Example 2: Runtime values

pub fn main() void {
    var buffer = [_]u8{1, 2, 3, 4, 5};
    var index: usize = 4;
    index += 1;
    buffer[index] = 100;
}

In this example, we have the same array buffer, but the index is determined at runtime. We start with index set to 4, and then we increment it by 1, making it 5. When we try to access buffer[5], it is out of bounds. Since the index is not known at compile time, Zig will allow the code to compile, but it will crash at runtime with an appropriate stack trace.

m3lk0r@parrot:~$ ./zig-bootstrap/zig/stage3/bin/zig build-exe main.zig
m3lk0r@parrot:~$ file main
main: ELF 64-bit LSB executable, x86-64, version 1 (SYSV), statically linked, with debug_info, not stripped
m3lk0r@parrot:~$ ./main
thread 2816 panic: index out of bounds: index 5, len 5
/home/m3lk0r/main.zig:5:11: 0x11abd16 in main (main.zig)
    buffer[index] = 100;
          ^
/home/m3lk0r/zig-bootstrap/zig/stage3/lib/zig/std/start.zig:679:59: 0x11ab332 in callMain (std.zig)
    if (fn_info.params.len == 0) return wrapMain(root.main());
                                                          ^
/home/m3lk0r/zig-bootstrap/zig/stage3/lib/zig/std/start.zig:190:5: 0x11aadb1 in _start (std.zig)
    asm volatile (switch (native_arch) {
    ^
Aborted (core dumped)

In order to see how Zig does this under the hood, we need to check its AIR. You can read more about AIR here.

Zig master (0.16.0, at the time of writing) is used for this example

First, we need to compile the code to dump AIR. Run the following:

./zig-bootstrap/zig/stage3/bin/zig build-obj main.zig

Make sure to use the debug build of the Zig compiler, as --verbose-air is only available for debug build of the compiler.

The AIR produced is some ~220000 lines, so we will just look at main.
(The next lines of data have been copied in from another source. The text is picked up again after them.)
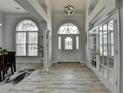 Grand foyer featuring soaring ceilings, arched windows, elegant flooring, and natural light at 2860 Chardonnay Ln, Cumming, GA 30041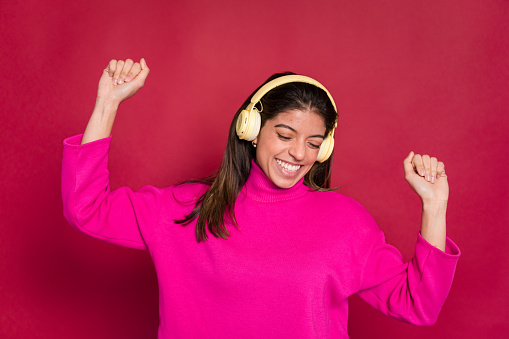 Positive young female in casual clothes smiling and dancing while listening to music in wireless headphones against red background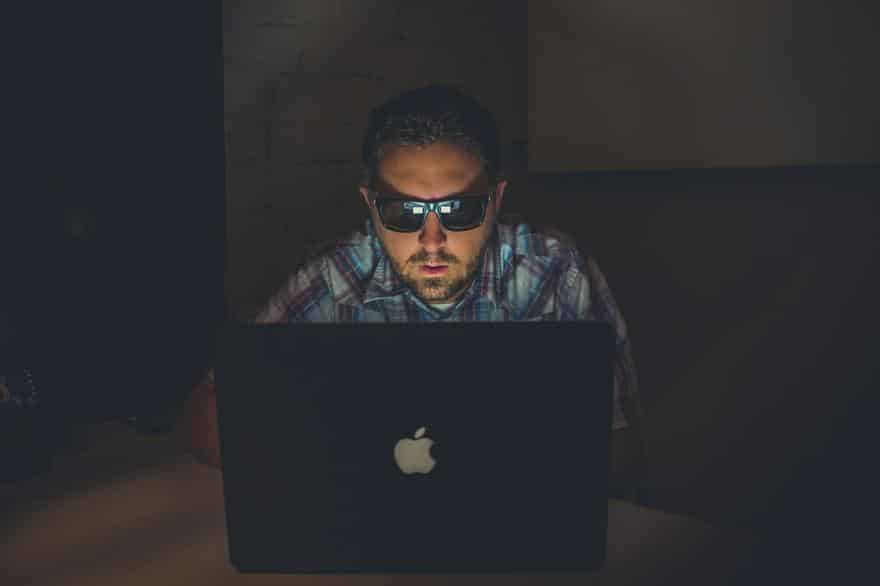 Shady man wearing sunglasses in front of a laptop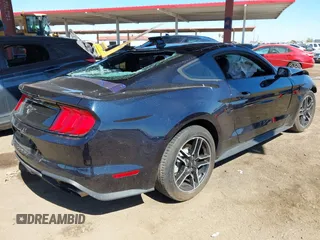 2021 Ford Mustang EcoBoost with VIN 1FA6P8TH2M5104154, listed as a IAAI auction lot 41869810 with 15,561 mi miles and . Bid and sale history available at DreamBid. Image 4.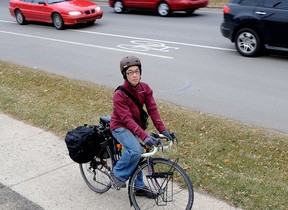 Chris Chan stands for a photo near 76 Avenue and 106 Street, where a bike lane suddenly turns into a shared use lane. Photo by Larry Wong/Edmonton Journal)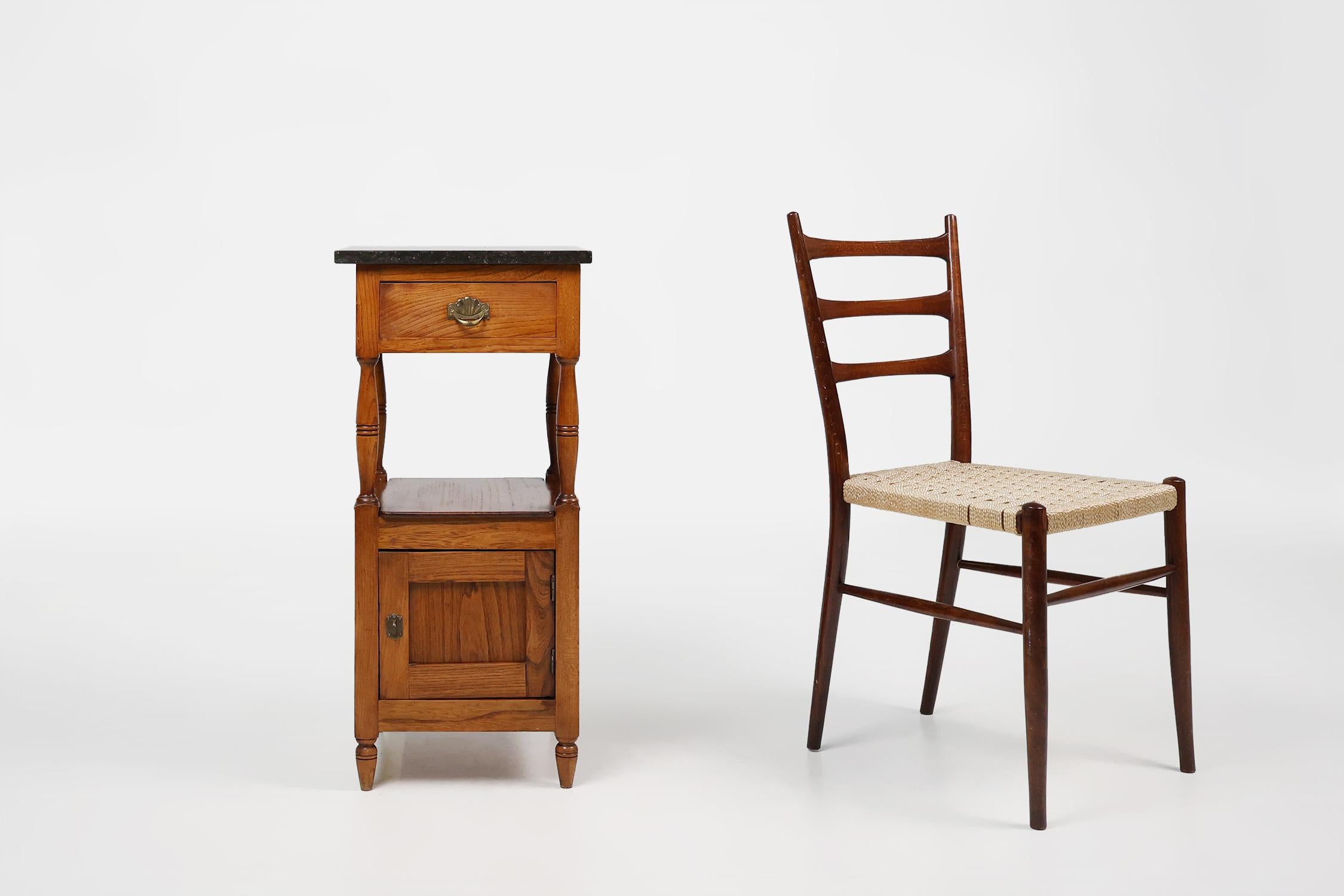 France / 1920 / Night stand / wood, blue stone / Art Deco / Mid-century / Vintage

A beautiful Art Deco night stand crafted in France around 1920. This small cabinet features a blue stone top, a drawer with very decorative hardware and a small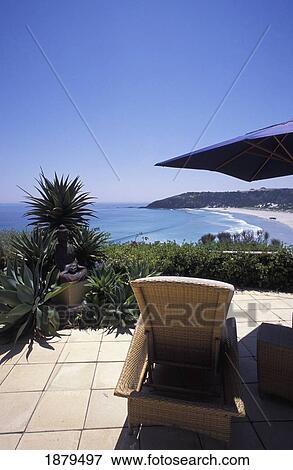 Stock Photo - Empty Sun Lounger On A Patio Overlooking The Sea. Fotosearch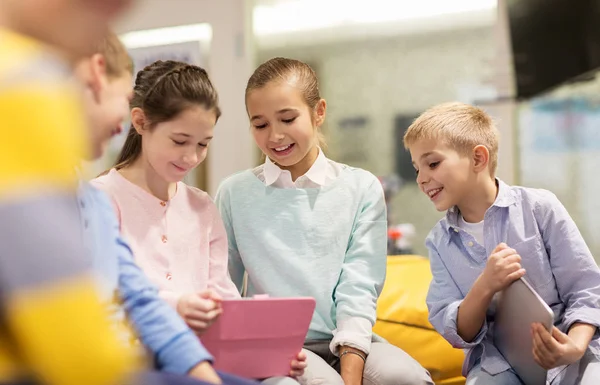 Groep gelukkige kinderen met tablet pc op school — Stockfoto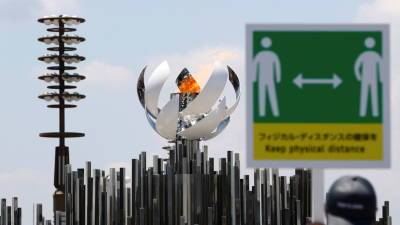 Копию чаши с олимпийским огнём установили на мосту в Токио - russian.rt.com - Токио
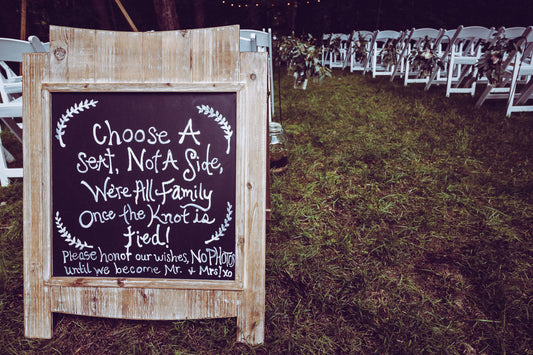 Wedding seating sign displayed near rows of ceremony chairs outdoors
# Begin Function AIR: main.main:
# Total AIR+Liveness bytes: 771B
# AIR Instructions:         35 (315B)
# AIR Extra Data:           60 (240B)
# Liveness tomb_bits:       24B
# Liveness Extra Data:      12 (48B)
# Liveness special table:   4 (32B)
  %0!= save_err_return_trace_index()
  %1!= dbg_stmt(2:5)
  %2 = alloc(*[5]u8)
  %3!= store(%2, <[5]u8, "\x01\x02\x03\x04\x05".*>)
  %5!= dbg_var_ptr(%2, "buffer")
  %6!= dbg_stmt(3:5)
  %7 = alloc(*usize)
  %8!= store_safe(%7, <usize, 4>)
  %9!= dbg_var_ptr(%7, "index")
  %10!= dbg_stmt(4:5)
  %11 = load(usize, %7)
  %12!= dbg_stmt(4:11)
  %13 = block(usize, {
    %27 = add_with_overflow(struct { usize, u1 }, %11!, @.one_usize)
    %28 = struct_field_val(%27, 1)
    %29 = cmp_eq(%28!, @.one_u1)
    %30!= cond_br(%29!, cold {
      %2! %27! %7!
      %31!= call(<fn () noreturn, (function 'integerOverflow')>, [])
      %32!= unreach()
    }, {
      %33 = struct_field_val(%27!, 0)
      %34!= br(%13, %33!)
    })
  } %11!)
  %14!= store_safe(%7, %13!)
  %15!= dbg_stmt(5:5)
  %16 = load(usize, %7!)
  %17!= dbg_stmt(5:11)
  %18 = cmp_lt(%16, <usize, 5>)
  %21!= block(void, {
    %22!= cond_br(%18!, likely {
      %23!= br(%21, @.void_value)
    }, cold {
      %2!
      %19!= call(<fn (usize, usize) noreturn, (function 'outOfBounds')>, [%16!, <usize, 5>])
      %20!= unreach()
    })
  } %18!)
  %24 = ptr_elem_ptr(*u8, %2!, %16!)
  %25!= store_safe(%24!, <u8, 100>)
  %26!= ret_safe(@.void_value)
# End Function AIR: main.main

Understanding from %0 to %15 will be left as an exercise to the reader. At %16, %16 = load(usize, %7!) loads the current value of index. %18 = cmp_lt(%16, <usize, 5>) asks if the index, which is 5 is less than the array length. Next, %22!= cond_br(%18!, likely checks if index is 0-4 and continues to %23! if it is. But in our case, this check fails and therefore cold path is taken which calls %19!= call(<fn (usize, usize) noreturn, (function 'outOfBounds')>, [%16!, <usize, 5>]) This means the final write (from %24 to %26) doesn’t happen since cold path %20 was taken and thread 257906 panic: index out of bounds: index 5, len 5 is printed on stdout.

You can also see it in the disassembly since AIR is lowered to machine code.

disassembly

Isn’t this a bad thing? Why does it compile if it is going to crash at runtime? Not really. If the index is known at compile time, it gets caught and fixed(zen 6). But if the index is not known at compile time, Zig still provides a tool to catch out-of-bounds access at runtime, which is better than allowing undefined behavior(zen 5).

Plus, the entire idea of Zig when building binaries is to first build in debug mode, which has all these safety checks, and once the bugs have been pruned, you can build in any release mode, depending on your needs(speed, size, safety).